A discussão sobre o vergonhoso auto-aumento que os congressistas se concederam poderá ganhar ares de política pública se for vencedora a tese de que a decisão tem que ser votada no plenário da Câmara e do Senado. A vantagem não seria apenas obrigar cada um deles a revelar publicamente sua posição com relação ao aumento, mas abrir espaço para discutir mais amplamente a maneira como são remunerados os parlamentares.

Um deputado federal ganha subsídios de R$12.700 mensais, brutos, estes com imposto de renda de 27,5%. Mas acrescentam a isso R$180 mil anuais (R$15.000 por mês), sem imposto de renda, a título de verba indenizatória, criada há seis anos como maneira de compensar a falta de condições políticas para dar um aumento como esse de agora.

Essa verba adicional ressarci os parlamentares por gastos como gasolina, compra de material de trabalho, inclusive computadores e softwares, divulgação de atividades parlamentares, assinatura de jornais e revistas. Deputados e senadores podem sacar a verba a qualquer época do ano, não necessariamente todos os meses, desde que apresentem as notas correspondentes, e existem cerca de 300 funcionários apenas para checar essas notas. Mesmo assim, já houve diversas denúncias de fraudes e uso de notas frias que nunca foram esclarecidas.
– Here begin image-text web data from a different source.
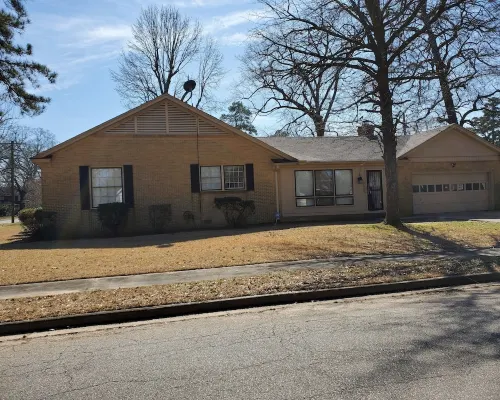 Ida's Oasis  near JRMC Hospital ,  Pine Bluff Country Club & Restaurants . パイン・ブラッフのホテル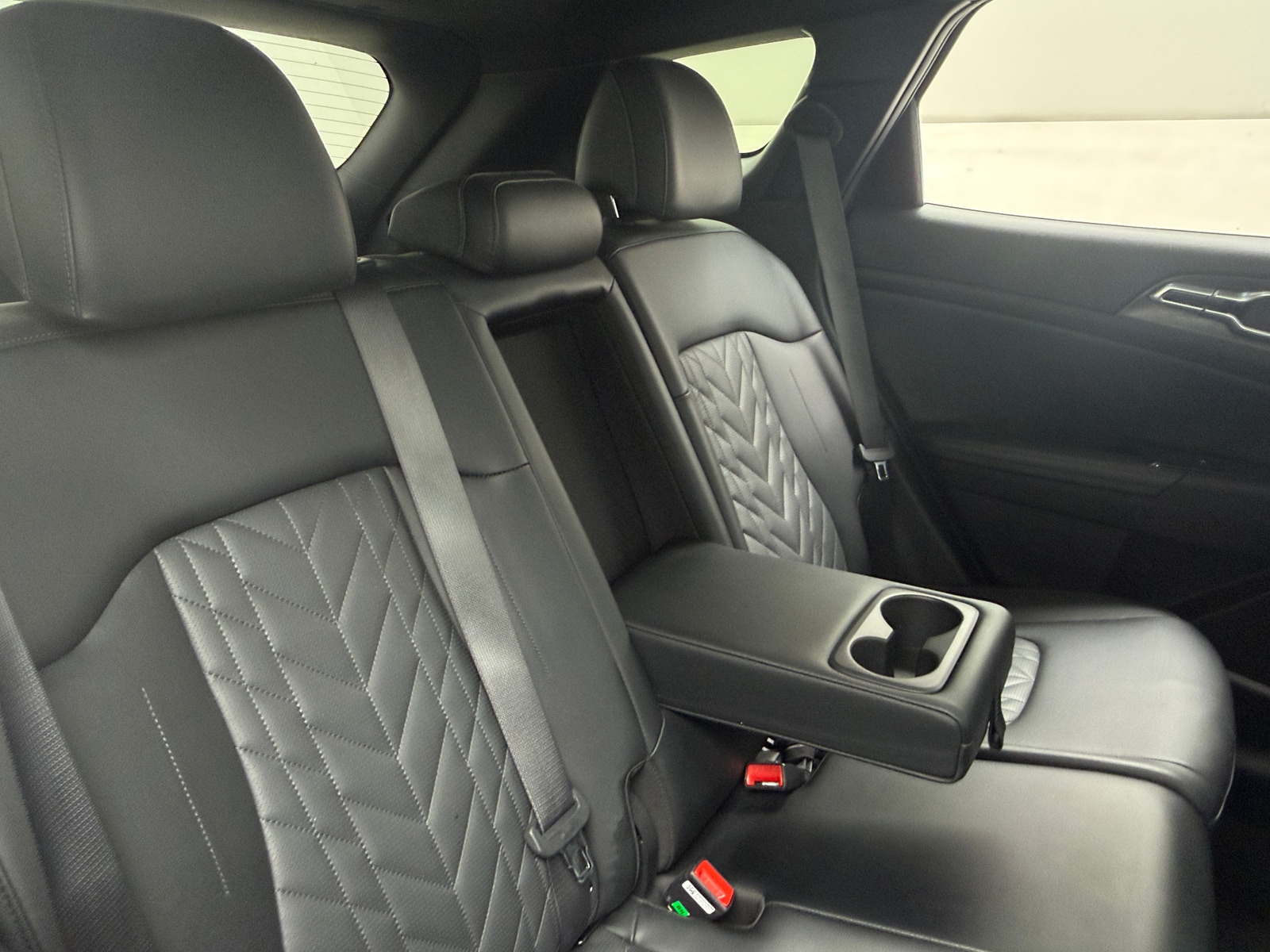 Thumbnail: 2023 Kia Sportage - 5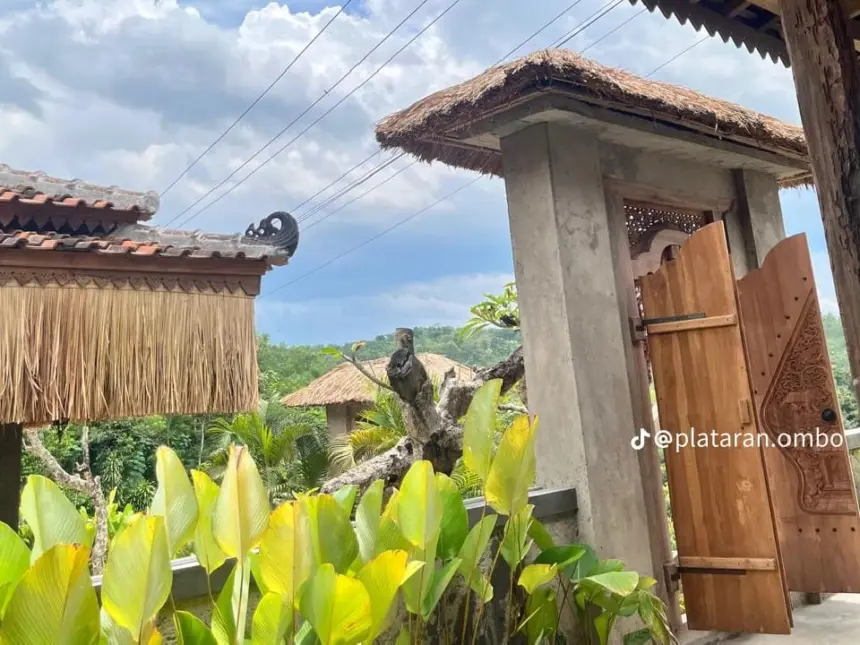Pesona kuliner bernuansa alam di Desa Tayem Timur, Karangpucung, Cilacap, yang menghadirkan atmosfer ala Ubud Bali. (Foto: TikTok @plataran.ombo)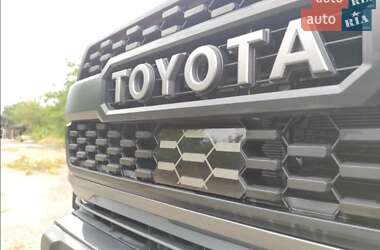 Пикап Toyota Tacoma 2018 в Хмельницком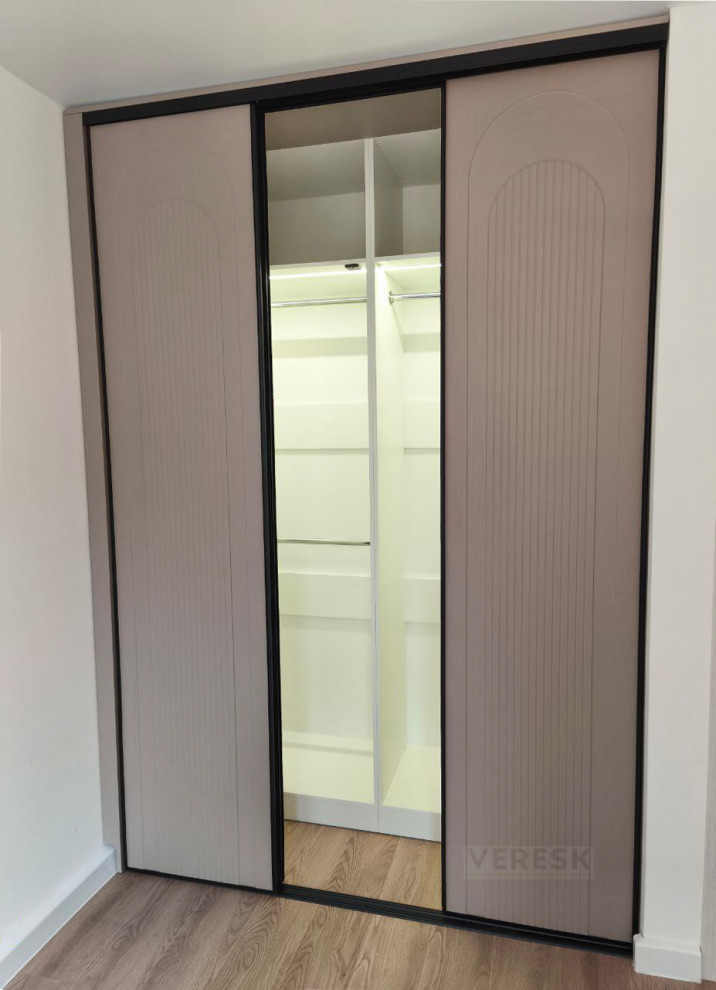 Гардеробные с подсветкой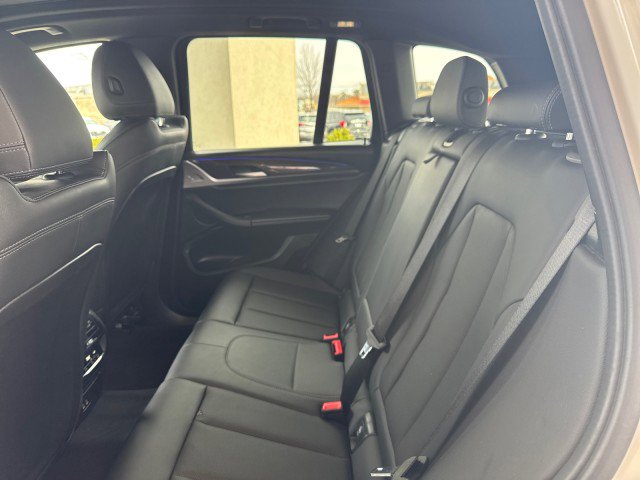 Used 2023 BMW X3 xDrive30i AWD/4WD image 7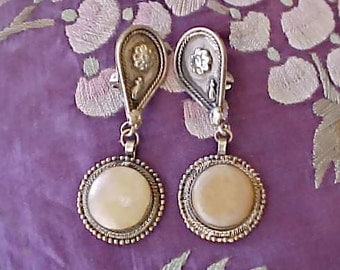 Exotic Ethnic Look Vintage Dangling Earrings with Honey Colored Stones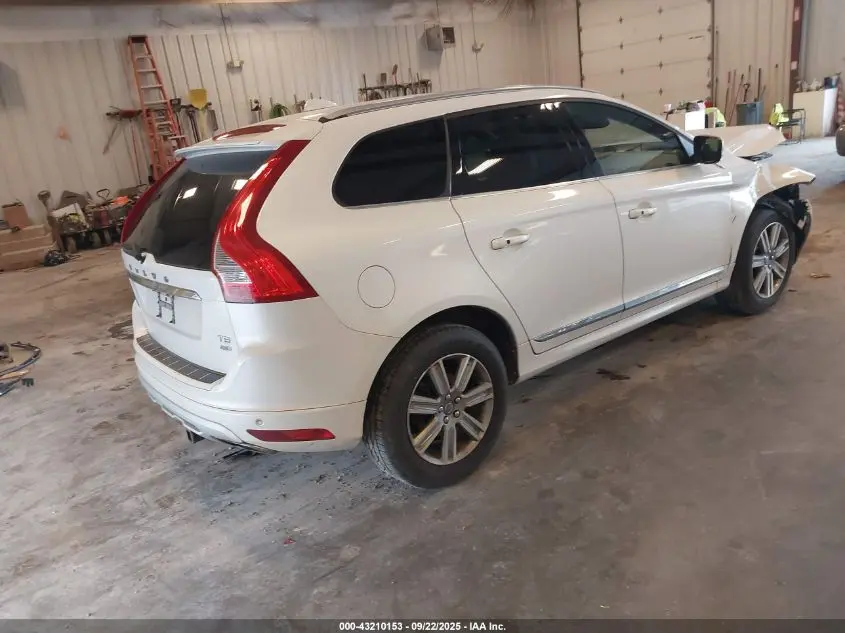 2017 VOLVO XC60 INSCRIPTION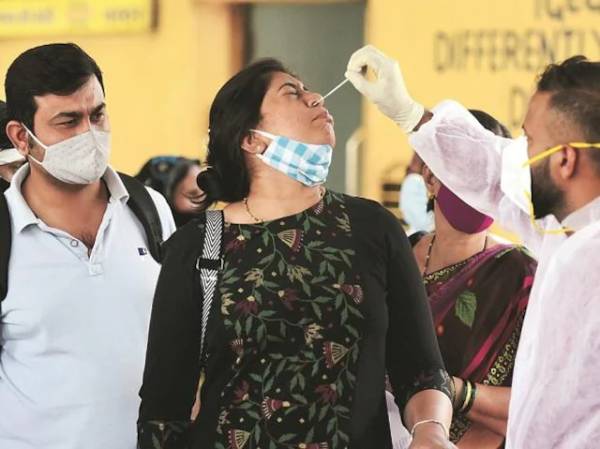India records 2,876 Covid-19 infections, 98 fatalities in 24 hours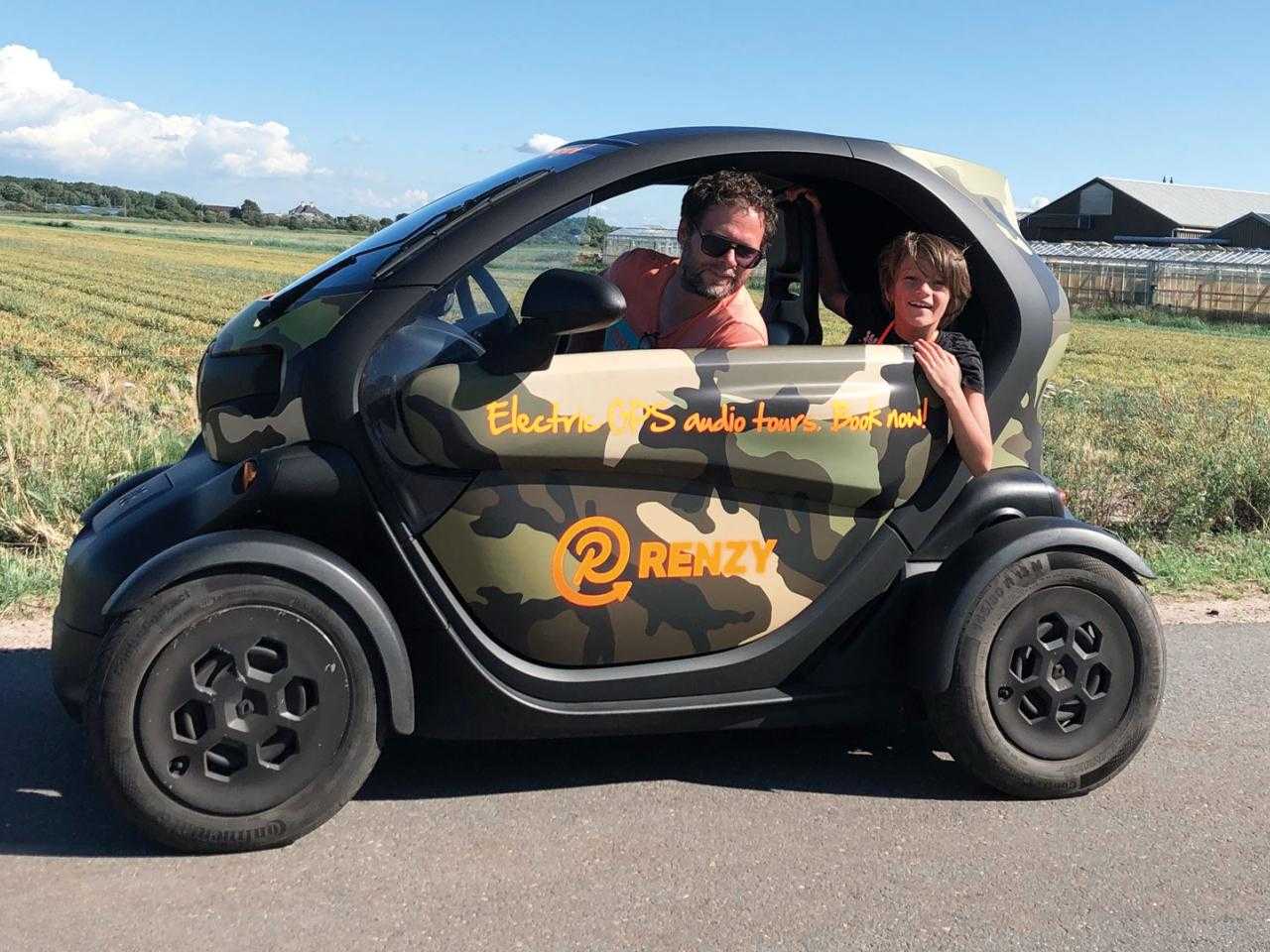 Vader en zoon in een Twizy
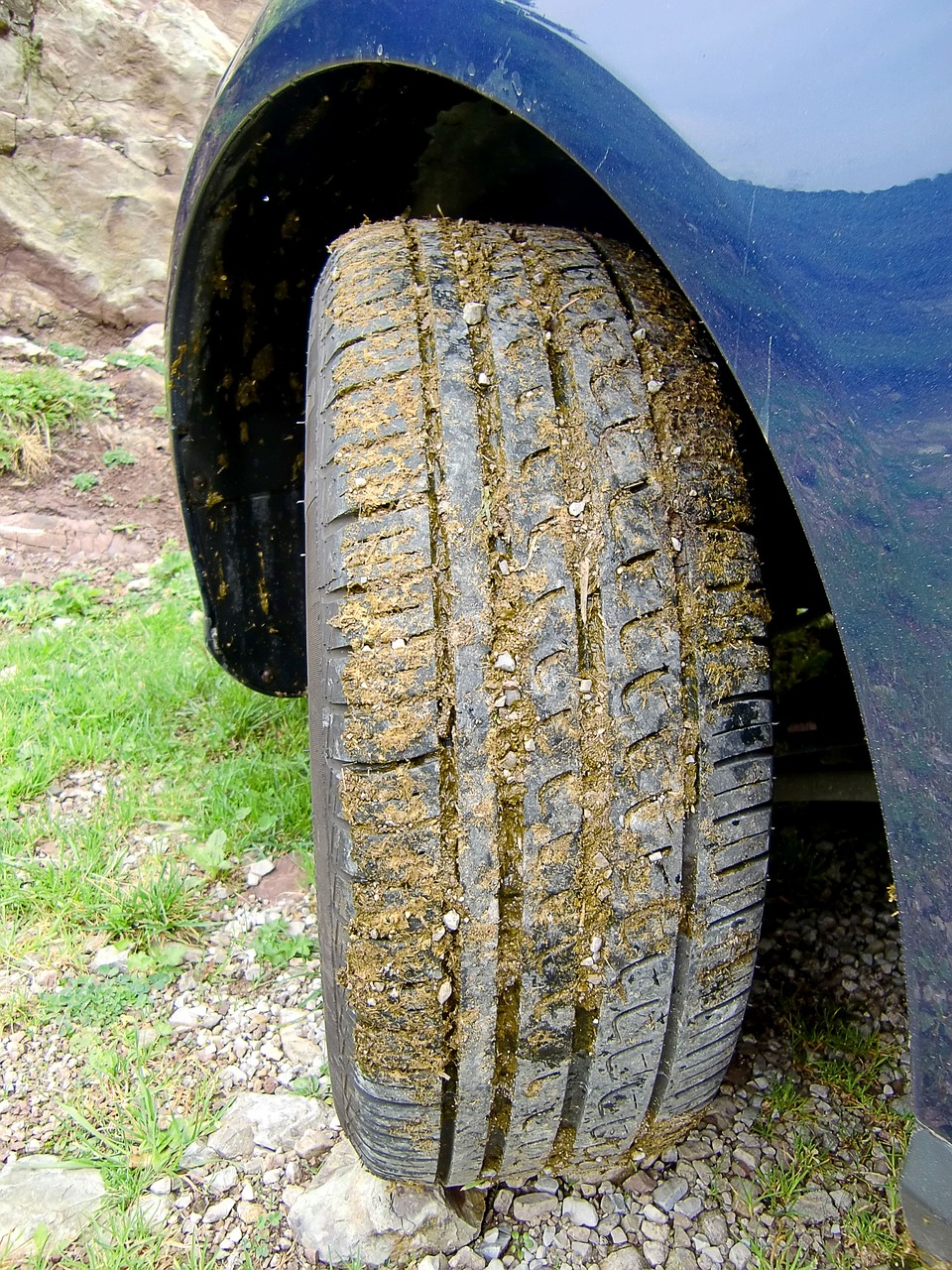 探究配備415輪胎車(chē)型的性能與特點(diǎn)分析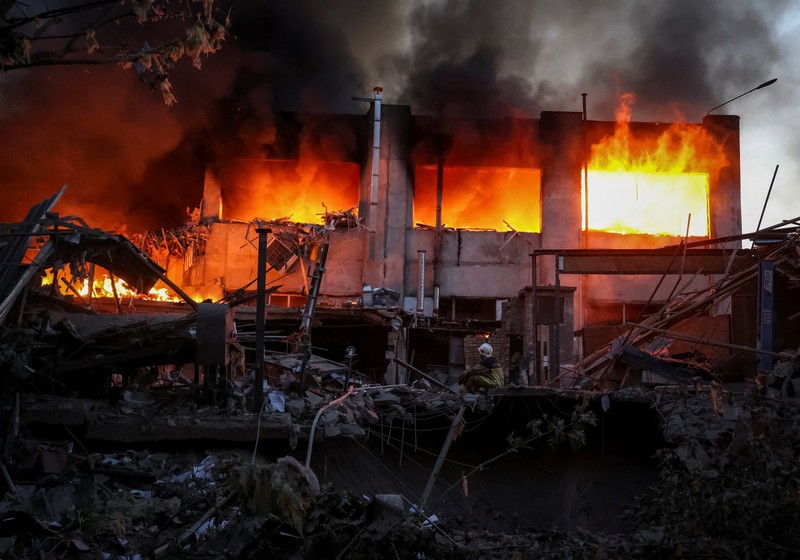 Suasana lokasi serangan pesawat tak berawak dan rudal Rusia, di tengah serangan Rusia terhadap Ukraina, di Dnipro, Ukraina, Selasa (2/6/2026). (REUTERS/Stringer)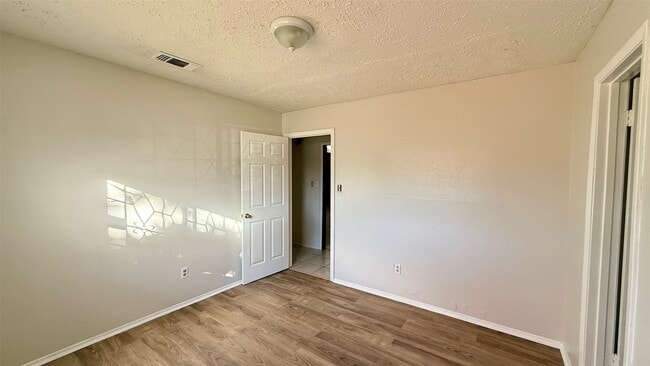 Building Photo - 13034 Birch Grove Dr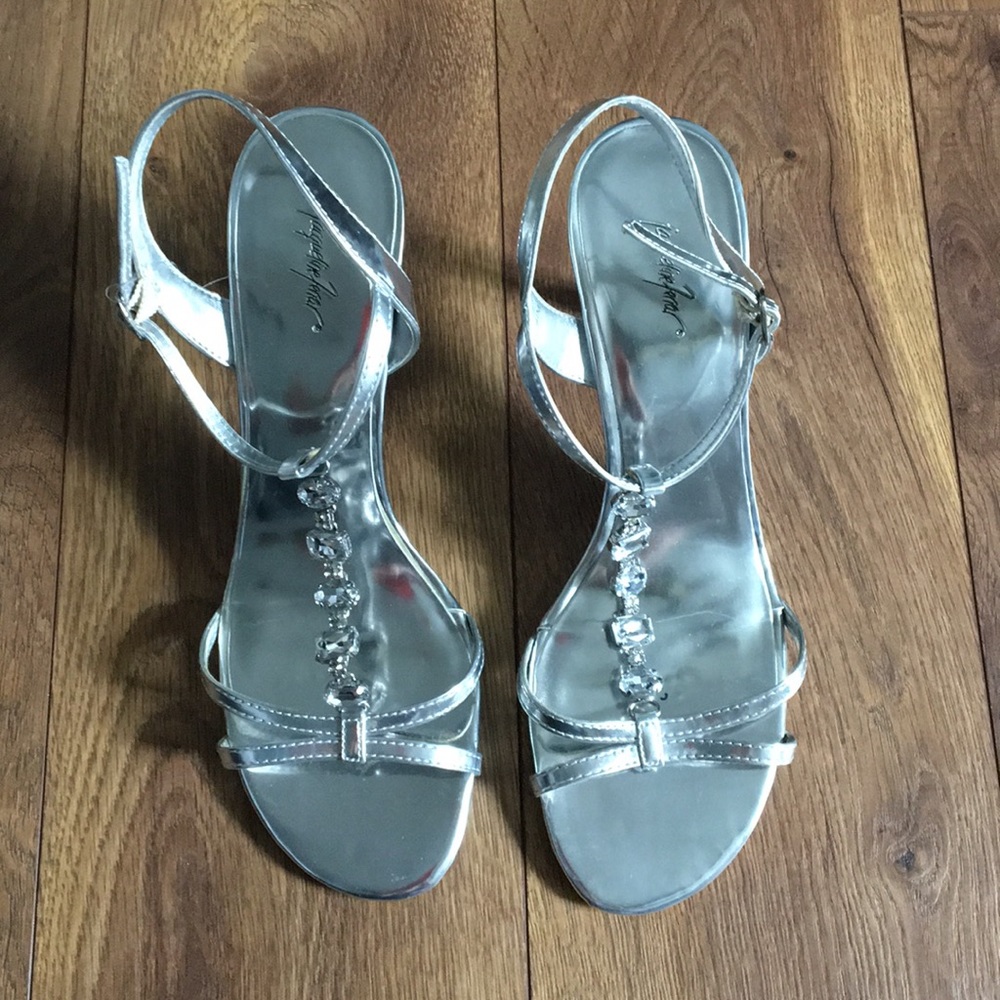 Women’s Silver Heels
A proposta inicial, e que será retomada pelo deputado Miro Teixeira, era que essa verba indenizatória deixasse de existir. Miro, que é dos poucos que não a usa, acha que só com ela já está caracterizada uma burla legal, pois se somando ao subsídio oficial, os deputados já receberiam R$27.700, acima, portanto, do teto constitucional. Se a equiparação ao salário do Supremo fosse mantida, mas extinta a verba indenizatória, os parlamentares teriam na prática uma redução salarial.

A proposta de Miro vai além: ele quer impedir que parlamentares acumulem vencimentos com aposentadorias e pensões que trazem de outras atividades no poder público federal, estadual ou municipal. Pelos últimos levantamentos, cerca de 25% deles ganham mais que o teto constitucional com essas acumulações. Outras mordomias, como moradia oficial ou verba para hotel, carro e para correios, também deveriam acabar.